▶ **TASK TO CARRY OUT**:
Would you return exactly the lines below from the line with "Spring Step Manila" through the line with "ミライース Ｌ　ＳＡＩＩＩ　オーディオレ", both included, and nothing else, leaving out the pictures?

▶ **EXCERPTED DATA**:
◇ ◇ ◇ ◇ ◇

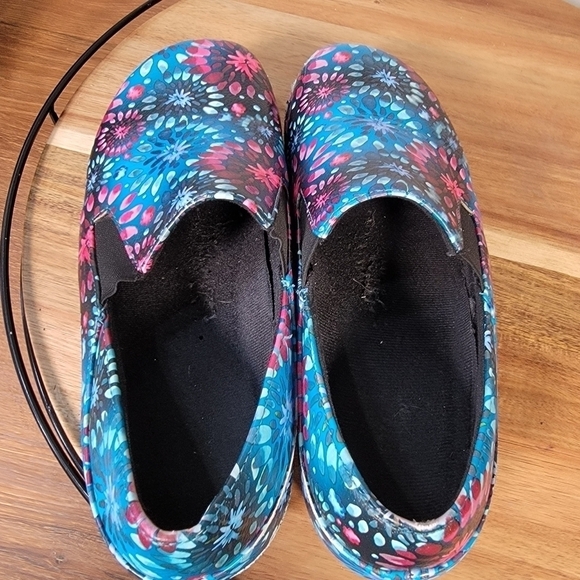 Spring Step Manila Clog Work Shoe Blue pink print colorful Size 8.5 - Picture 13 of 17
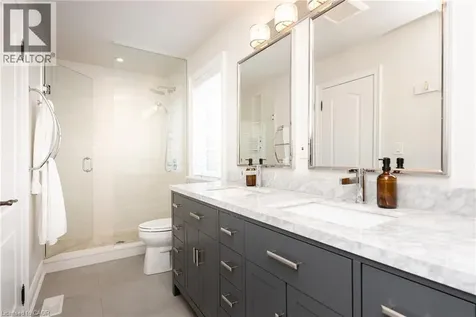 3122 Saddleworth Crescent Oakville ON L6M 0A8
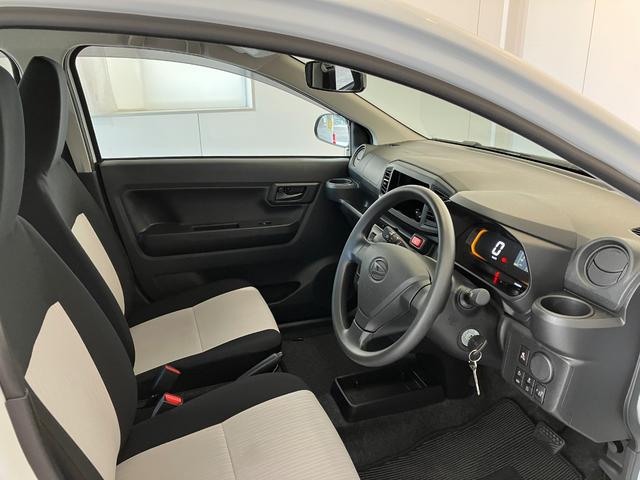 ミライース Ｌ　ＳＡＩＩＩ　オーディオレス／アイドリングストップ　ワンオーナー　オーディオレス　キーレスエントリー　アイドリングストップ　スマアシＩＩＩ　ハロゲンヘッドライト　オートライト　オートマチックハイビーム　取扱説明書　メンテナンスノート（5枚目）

◇ ◇ ◇ ◇ ◇

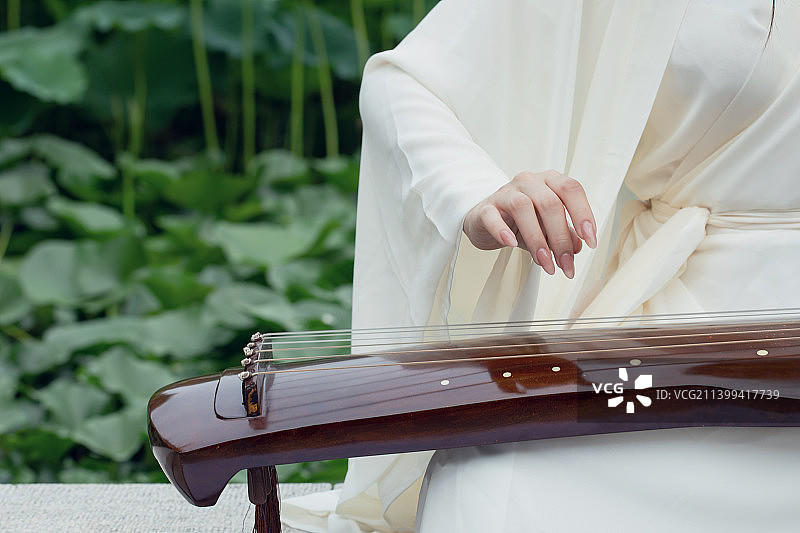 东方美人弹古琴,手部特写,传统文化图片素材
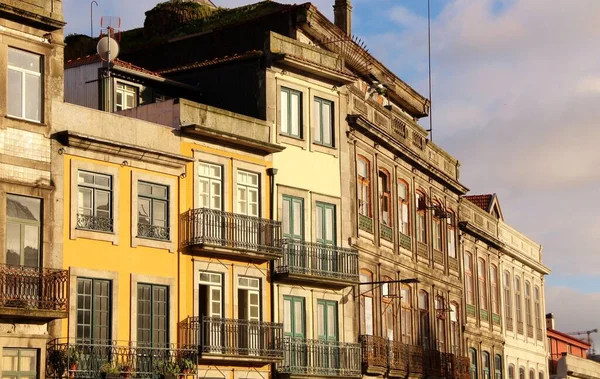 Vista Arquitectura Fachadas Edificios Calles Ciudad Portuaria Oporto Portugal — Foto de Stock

◇ ◇ ◇ ◇ ◇

▶ **EXERCISE SOLUTION**:
 Spring Step Manila Clog Work Shoe Blue pink print colorful Size 8.5 - Picture 13 of 17
 3122 Saddleworth Crescent Oakville ON L6M 0A8
 ミライース Ｌ　ＳＡＩＩＩ　オーディオレス／アイドリングストップ　ワンオーナー　オーディオレス　キーレスエントリー　アイドリングストップ　スマアシＩＩＩ　ハロゲンヘッドライト　オートライト　オートマチックハイビーム　取扱説明書　メンテナンスノート（5枚目）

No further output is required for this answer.